Speaking of, it’s probably important to note firstly that I’m a developer with quite a few years of experience, but mostly in backend work, I’ve spent a very limited amount of time working on frontend. So this should be read as a beginner’s account of creating a site with Jekyll. Actually, come to think of it I even had trouble deploying it. Thanks Bundler…
Creating
Creating a new site with Jekyll is easy enough, as the Jekyll front-page says:
~ $ gem install bundler jekyll
~ $ jekyll new my-awesome-site
~ $ cd my-awesome-site
~ $ bundle exec jekyll serve
# => Now browse to http://localhost:4000
Actually, I’d typically run it with a --watch
option on the end, so it’d update when it detected changes. Unfortunately, the one file which you’ll spend most of your time editing in the early stages _config.yml
, is also the one file which you’ll need to stop and start the above process for in order to see changes. It contains things like your title
, description
, url
, logo
, e.t.c. a number of these fields are more relevant when considering what theme you’ll be using.
Configuring
After trawling through a couple of Jekyll theme sites, I decided to go with Minimal Mistakes. It looked nice, I liked the idea of having a modular theme that was installable as a gem and most of all it has really extensive documentation, which I used a lot. A few other themes seem to be sort of “Hey look at this pretty thing I made isn’t it cool? You can copy the raw HTML if you want but I’m not helping you”.

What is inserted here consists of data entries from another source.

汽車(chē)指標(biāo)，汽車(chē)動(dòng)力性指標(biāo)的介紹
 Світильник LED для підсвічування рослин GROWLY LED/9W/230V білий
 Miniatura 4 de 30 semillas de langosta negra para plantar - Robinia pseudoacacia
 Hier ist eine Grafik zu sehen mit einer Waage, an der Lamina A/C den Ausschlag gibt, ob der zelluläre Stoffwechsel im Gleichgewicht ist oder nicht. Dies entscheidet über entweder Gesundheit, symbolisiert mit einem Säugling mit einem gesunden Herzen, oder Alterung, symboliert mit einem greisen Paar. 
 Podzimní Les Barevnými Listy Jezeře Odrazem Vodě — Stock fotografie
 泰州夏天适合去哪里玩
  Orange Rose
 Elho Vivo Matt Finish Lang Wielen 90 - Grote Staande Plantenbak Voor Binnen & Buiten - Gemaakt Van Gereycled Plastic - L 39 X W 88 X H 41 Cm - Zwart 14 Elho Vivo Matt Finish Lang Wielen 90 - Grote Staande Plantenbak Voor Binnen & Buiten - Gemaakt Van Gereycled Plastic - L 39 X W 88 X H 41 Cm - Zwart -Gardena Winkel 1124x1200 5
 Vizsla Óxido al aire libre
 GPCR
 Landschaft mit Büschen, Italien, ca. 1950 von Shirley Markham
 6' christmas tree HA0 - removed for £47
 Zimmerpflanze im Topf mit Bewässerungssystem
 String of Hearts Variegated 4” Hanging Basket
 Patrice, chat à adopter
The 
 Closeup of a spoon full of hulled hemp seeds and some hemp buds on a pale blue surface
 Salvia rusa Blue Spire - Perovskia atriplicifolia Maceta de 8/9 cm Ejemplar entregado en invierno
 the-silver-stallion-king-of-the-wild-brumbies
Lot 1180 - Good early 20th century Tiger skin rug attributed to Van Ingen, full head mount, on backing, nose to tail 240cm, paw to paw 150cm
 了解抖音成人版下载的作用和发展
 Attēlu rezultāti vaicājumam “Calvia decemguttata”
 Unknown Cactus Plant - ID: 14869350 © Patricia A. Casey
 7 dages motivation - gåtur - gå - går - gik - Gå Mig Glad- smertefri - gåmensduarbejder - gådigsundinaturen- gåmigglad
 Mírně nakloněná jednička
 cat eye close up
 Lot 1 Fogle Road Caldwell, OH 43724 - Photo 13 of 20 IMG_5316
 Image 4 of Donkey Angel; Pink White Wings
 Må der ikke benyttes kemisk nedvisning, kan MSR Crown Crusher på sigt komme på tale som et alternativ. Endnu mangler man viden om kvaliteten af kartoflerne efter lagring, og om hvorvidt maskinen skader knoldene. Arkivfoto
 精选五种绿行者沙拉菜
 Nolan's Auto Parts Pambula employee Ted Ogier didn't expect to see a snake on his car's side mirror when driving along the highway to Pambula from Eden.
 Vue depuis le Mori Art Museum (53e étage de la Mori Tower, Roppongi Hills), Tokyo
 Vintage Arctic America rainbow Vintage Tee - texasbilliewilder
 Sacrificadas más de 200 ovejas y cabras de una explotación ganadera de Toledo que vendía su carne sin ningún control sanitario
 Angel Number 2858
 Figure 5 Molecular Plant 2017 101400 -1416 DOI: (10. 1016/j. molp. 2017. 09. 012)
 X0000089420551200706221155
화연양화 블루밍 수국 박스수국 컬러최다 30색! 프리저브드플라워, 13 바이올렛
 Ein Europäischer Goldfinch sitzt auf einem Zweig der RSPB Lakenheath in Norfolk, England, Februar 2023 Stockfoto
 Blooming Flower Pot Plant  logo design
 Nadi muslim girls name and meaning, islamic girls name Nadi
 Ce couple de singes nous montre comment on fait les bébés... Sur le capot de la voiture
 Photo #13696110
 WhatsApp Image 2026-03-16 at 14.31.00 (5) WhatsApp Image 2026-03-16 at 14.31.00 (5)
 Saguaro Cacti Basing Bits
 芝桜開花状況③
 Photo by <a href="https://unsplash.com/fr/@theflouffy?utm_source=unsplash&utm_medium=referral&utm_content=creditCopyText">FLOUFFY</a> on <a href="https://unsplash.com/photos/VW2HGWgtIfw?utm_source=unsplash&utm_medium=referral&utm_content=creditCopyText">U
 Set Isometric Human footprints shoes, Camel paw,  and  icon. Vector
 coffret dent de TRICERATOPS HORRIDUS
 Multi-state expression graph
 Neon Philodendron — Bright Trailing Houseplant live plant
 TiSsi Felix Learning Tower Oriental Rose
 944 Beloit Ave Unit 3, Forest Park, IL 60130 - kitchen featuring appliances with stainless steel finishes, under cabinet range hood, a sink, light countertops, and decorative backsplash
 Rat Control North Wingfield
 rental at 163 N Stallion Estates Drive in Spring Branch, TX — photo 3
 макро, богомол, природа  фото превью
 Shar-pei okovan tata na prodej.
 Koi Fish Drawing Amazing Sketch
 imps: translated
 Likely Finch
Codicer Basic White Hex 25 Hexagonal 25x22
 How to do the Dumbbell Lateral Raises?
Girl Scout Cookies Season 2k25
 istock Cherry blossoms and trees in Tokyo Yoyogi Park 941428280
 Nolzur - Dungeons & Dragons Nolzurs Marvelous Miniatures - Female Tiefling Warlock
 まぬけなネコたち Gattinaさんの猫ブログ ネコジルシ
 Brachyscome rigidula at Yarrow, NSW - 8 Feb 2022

Creating your site is then a matter of editing yaml config files (mainly _config.yml
), adding pages (or posts) in Markdown or raw HTML and CSS if you feel inclined, and some simple templating done using a language called Liquid. Each group of pages on your site is referred to by Jekyll as a collection
, the ‘out of the box’ one being _posts
. These pages might use the simplest of page layouts but Minimal Mistakes has a number to choose from: single
, splash
, home
, archive
, each being a different configuration of header image with captions and having optionals like comments and social link sharing. Setting things like the path to the header image and whether to enable the author profile side panel is done using config fields at the top of the Markdown page (called front matter), before the content:
---
title: "Blog"
permalink: /blog/
layout: categories
entries_layout: grid
author_profile: true
---
Content here
Customising
The trick with all these handy site creation tools is always - how easy is it to customise the site when the configuration files can’t meet all your needs? Mostly it’s easy enough. Overwriting the HTML used by the theme in this case is a matter of looking at the content wherever the theme is installed (which can be found using bundle info minimal-mistakes-jekyll
), finding the file you need to change and then replicating the path to that file in your own project’s directory with your replacement file.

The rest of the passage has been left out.